Aberrance is about a couple, Selenge (Selenge Chadraabal) and Erkhmee (Erkhembayar Ganbat), who take a break from their city life to spend some time in a secluded cabin in the woods. As the couple unpacks and takes in the fresh air, odd things begin to happen. It’s clear that Selenge has been through something dreadful, and the strange goings on at the cabin are only making her trauma worse. The couple’s only company is an odd but friendly neighbor (Yalalt Namsrai) who immediately becomes concerned for Selenge’s wellbeing. The seemingly peaceful and rejuvenating cabin proves to be the perfect setting for a horror story as the couple’s getaway unravels into a nightmare.
One of Batsukh’s greatest achievements as director and cinematographer of Aberrance is the way he conveys specific emotions with pictures. Before the story begins, he sets the tone for the film with haunting images of a dark forest. The ghostly white snow and bare gray trees prepare viewers for an unsettling psychological story. This chilling visual sequence returns later in the film, becoming a memorable motif that connects Selenge’s frightening inner world with her reality. Once the story starts, there’s not a lot of dialogue. But Batsukh doesn’t need dialogue to set the mood. After the opening visual motif, Batsukh creates a foreboding tone with harsh angles and striking colors. He captures each scene in a unique way, using shots from unconventional angles that maximize the tension between Selenge and Erkhmee. Almost every shot is like a carefully composed painting, with each element placed just so. Batsukh balances disturbing imagery (blood, an animal carcass, injuries) with beauty (snow-covered landscapes and natural light), creating a surreal and chilling world that makes Aberrance memorable. The score, written by first-time film composers Ochsuren Davaasuren and Jargal Oyunerdene, is the perfect complement to the eerie visual elements.
There are, however, a few aspects of the cinematography that aren’t as successful.
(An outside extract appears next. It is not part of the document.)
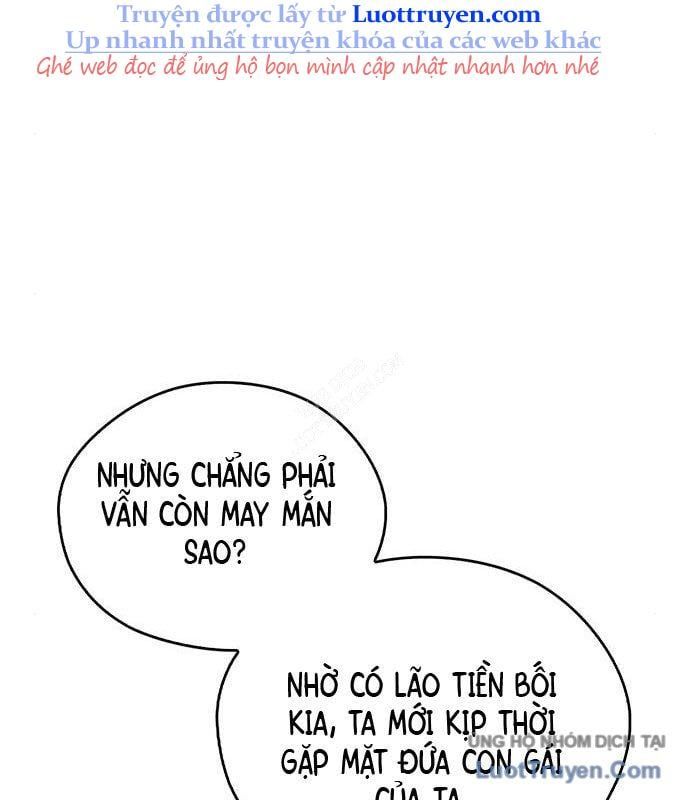 Võ Học Miền Viễn Tây Chapter 40 - 12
While most of the angles highlight the tension between the characters, some shorts break the eerie illusion. A few of the point-of-view shots and closeups used during emotionally intense sequences are more amateur than artful and more comedic than chilling. Every once in a while, one of these awkward shots disrupts the visual cohesiveness of Aberrance, making it difficult to take the story seriously.
Whether the cinematography is 100% successful or not, it’s clear that this element of the film got the most attention. Batsukh put maximum effort into the visual aspects of Aberrance, playing with colors, light, and angles in a delightful and thought-provoking way. The other aspects of the film, however, didn’t receive as much attention. For the most part, this isn’t a big deal. There’s very little dialogue, but the detailed visual storytelling makes up for the lack of conversation. The performances don’t particularly stand out, but they aren’t bad either. They’re simply there to support the cinematography. In most movies, it’s the other way around. Aberrance offers a different kind of cinematic experience, one that’s much more sensory and dreamlike. As long as the minimalistic dialogue and plot blend seamlessly into the background, this type of storytelling works.
Things fall apart, however, when the story goes off the rails so much that it distracts from the stunning visuals. The main issue is that Batsukh tries to tackle entirely too much with the plot, including mental illness, relationships, the human condition, violence, and “the system.” There’s just not enough time in Aberrance to explore these themes fully. Eventually, it all comes crashing down in a few highly unsatisfying twists. The story isn’t what you think it’s going to be, but the plot twists are messy rather than mind-blowing. The halfhearted storytelling and rushed thematic development can’t support the artistry and visual design of the film, and they distract from its beauty. Aberrance is, in fact, quite beautiful, and it’s a shame that it doesn’t have the story to match.
In select theaters on October 6, 2023.
Final Score: 3 out of 5.
This piece was written during the 2023 WGA and SAG-AFTRA strikes. Without the labor of the writers and actors currently on strike, the movie being covered here wouldn’t exist.